PART IV: Construction
22) Construct a triangle similar to a given triangle PQR with its sides equal to \(\frac{7}{4}\) of the corresponding sides of the triangle PQR. (scale factor \(\frac{7}{4} > 1\))
Since the scale factor is \(\frac{7}{4}\), which is greater than 1, the new triangle (P'QR') will be larger than the original triangle (PQR).
Steps of Construction:
- Draw any triangle PQR (since no specific dimensions are given).
- Draw a ray QX starting from Q and making an acute angle with the side QR, on the side opposite to vertex P.
- On the ray QX, mark 7 (the greater of 7 and 4) equally spaced points. Label them \(Q_1, Q_2, Q_3, Q_4, Q_5, Q_6, Q_7\).
- Join \(Q_4\) (the point corresponding to the denominator of the scale factor) to the vertex R.
- Now, draw a line through \(Q_7\) (the point corresponding to the numerator) that is parallel to the line \(Q_4R\). This new line will intersect the extended side QR at a new point, R'. (To draw the parallel line, you can copy the angle at \(Q_4\) to \(Q_7\)).
- Next, draw a line through the new point R' that is parallel to the side PR. This line will intersect the extended side QP at a new point, P'.
- The triangle \(\triangle P'QR'\) is the required triangle, similar to \(\triangle PQR\), with sides that are \(\frac{7}{4}\) times the corresponding sides of \(\triangle PQR\).
Construct a triangle similar to a given triangle LMN with its sides equal to \(\frac{4}{5}\) of the corresponding sides of the triangle LMN. (scale factor \(\frac{4}{5} < 1\))
Since the scale factor is \(\frac{4}{5}\), which is less than 1, the new triangle (L'MN') will be smaller than the original triangle (LMN).
Steps of Construction:
- Draw any triangle LMN.
- Draw a ray MX starting from M and making an acute angle with the side MN, on the side opposite to vertex L.
- On the ray MX, mark 5 (the greater of 4 and 5) equally spaced points.
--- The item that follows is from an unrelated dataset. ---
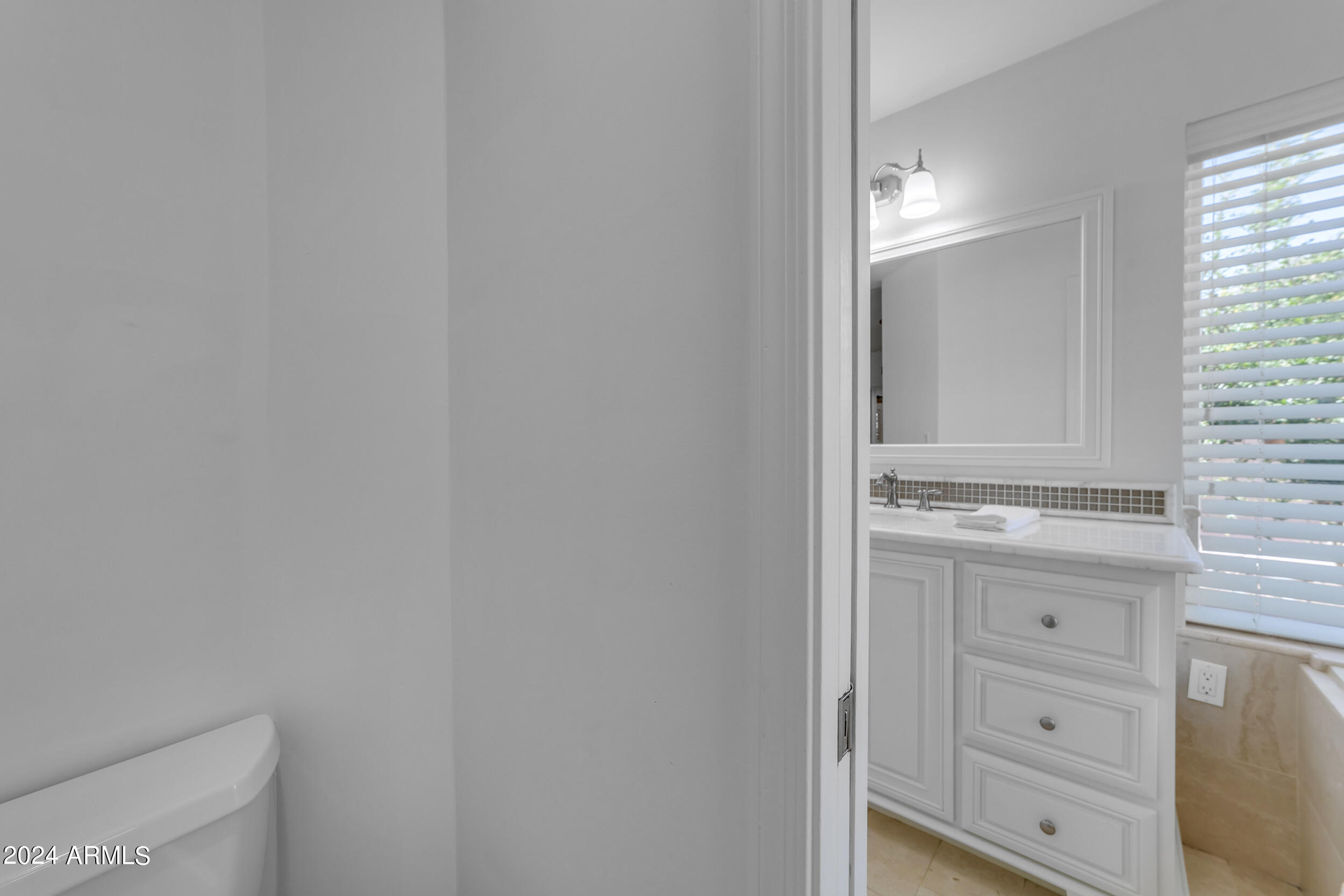 2118 E ENROSE Circle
Label them \(M_1, M_2, M_3, M_4, M_5\).
- Join \(M_5\) (the point corresponding to the denominator of the scale factor) to the vertex N.
- Now, draw a line through \(M_4\) (the point corresponding to the numerator) that is parallel to the line \(M_5N\). This new line will intersect the side MN at a new point, N'.
- Next, draw a line through the new point N' that is parallel to the side LN. This line will intersect the side LM at a new point, L'.
- The triangle \(\triangle L'MN'\) is the required triangle, similar to \(\triangle LMN\), with sides that are \(\frac{4}{5}\) times the corresponding sides of \(\triangle LMN\).